Le grenier
Hier, ou plutôt avant-hier, à propos de la vente de "mon" squelette, j'évoquai ces objets que l'on a trop vus et dont on se débarrassait autrefois en les remisant au grenier. Il n'y a plus de greniers aujourd'hui, ou si peu. Au mieux, ils ont été remplacés par les caves ou les garages.
Le grenier de mes grands-parents dans les Pyrénées recelait des trésors, notamment un superbe vélocipède. Superbe n'est pas le mot puisqu'il était rouillé jusqu'à l'os et la grande roue, à l'avant, était visiblement, quoique légèrement, voilée. Heureusement, ce monstre n'était pas entreposé dans le grenier de la maison mais dans celui d'une des remises. Ce qui nous avait permis, à mon petit frère et à moi, de le descendre dans la cour arrière en toute discrétion car il nous était interdit de fouiller dans les greniers sans doute parce qu'ils devaient receler des secrets qui n'étaient pas pour les enfants mais surtout parce qu'on les laissait souvent en grand désordre.
Vélocipède à vapeur fonctionnant à l'alcool (années 1870)
Pour le vélocipède donc, j'avais dû me résoudre à mettre mon petit frère à contribution, l'engin étant peu maniable dans l'escalier en bois de la remise mais surtout pour le dénoncer au cas où nous nous serions faits prendre. C'est d'ailleurs lui qui eut l'honneur d'essayer en premier le vélo. Un fois au grand jour en effet, je lui découvris d'autres faiblesses que la rouille, des rayons manquants ici ou là, une pédale cassée, bref la prudence exigeait que mon petit frère fasse office de pilote d'essai.
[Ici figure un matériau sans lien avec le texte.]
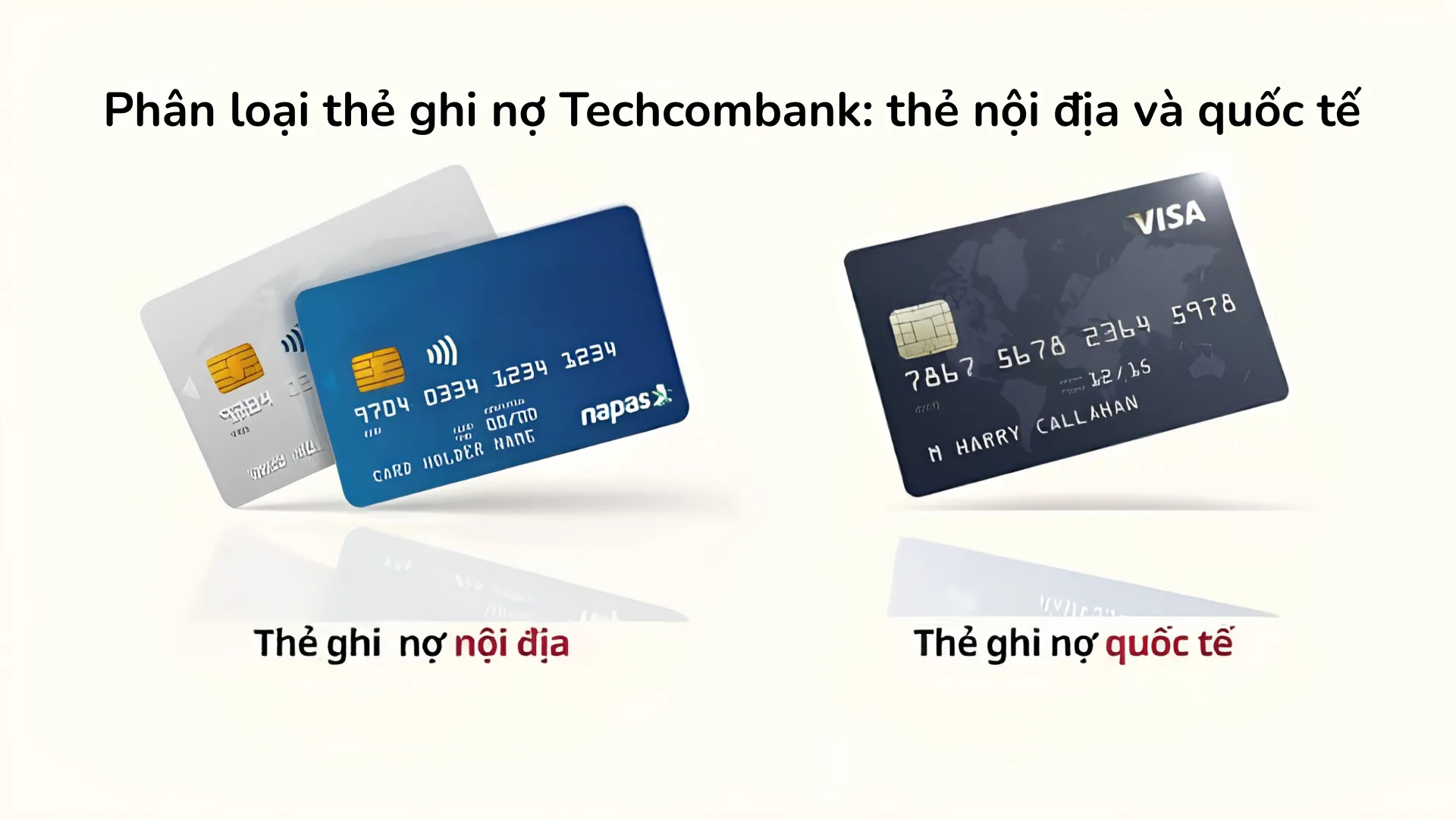 Phân loại thẻ ghi nợ Techcombank: thẻ nội địa và thẻ quốc tế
Avec mon aide, il ne s'en tira pas trop mal. Après avoir un peu résisté, l'ensemble se mit à rouler en grinçant autour de la cour. Je décidai donc de délivrer mon petit frère, lequel n'avait cessé de hurler de terreur, et de me lancer à mon tour. Je ne me souviens plus quel élément céda le premier, je pense que c'est tout l'ensemble d'un seul coup d'un seul : le pédalier et avec lui une partie de la fourche avant, la barre centrale qui supportait la selle et reliait l'ensemble à la petite roue arrière.
Mon petit frère se mit à courir vers la maison en hurlant. Quelle lâcheté! De mon côté, aucune blessure grave ne mettant ma vie immédiatement en danger, je me dépêchai d'aller ranger le vélocipède à sa place. Ce qui fut fait en un rien de temps puisqu'il était maintenant en pièces détachées. Habilement, je lui redonnai le même aspect abandonné entre un vieux sommier et une caisse de la Revue des deux Mondes. A ma connaissance, personne ne sut jamais rien de ses derniers instants.